◆ **Exercise**: Print, from the listing below, the lines starting at the line containing "Modern Backrest Bar" and ending at the line containing "Lot 71 - Japanese", exactly as they stand, and print nothing else.

◆ **Records shown**:
--

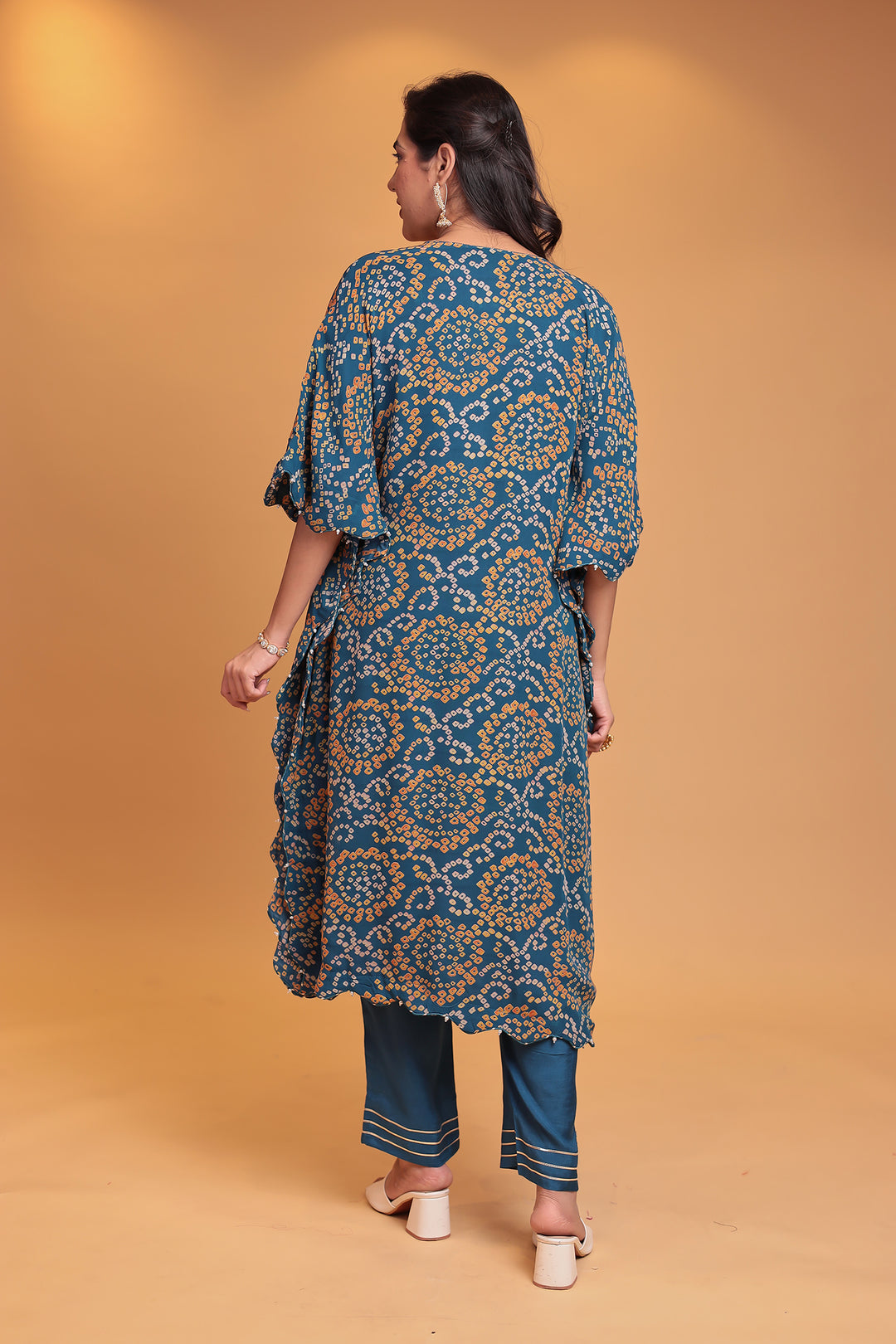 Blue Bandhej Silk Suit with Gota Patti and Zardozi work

--

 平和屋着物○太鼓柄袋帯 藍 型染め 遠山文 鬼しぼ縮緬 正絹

--

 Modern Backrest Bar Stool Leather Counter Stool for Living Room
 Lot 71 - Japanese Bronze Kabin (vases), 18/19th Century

--

◆ **Solution below**:
 Modern Backrest Bar Stool Leather Counter Stool for Living Room
 Lot 71 - Japanese Bronze Kabin (vases), 18/19th Century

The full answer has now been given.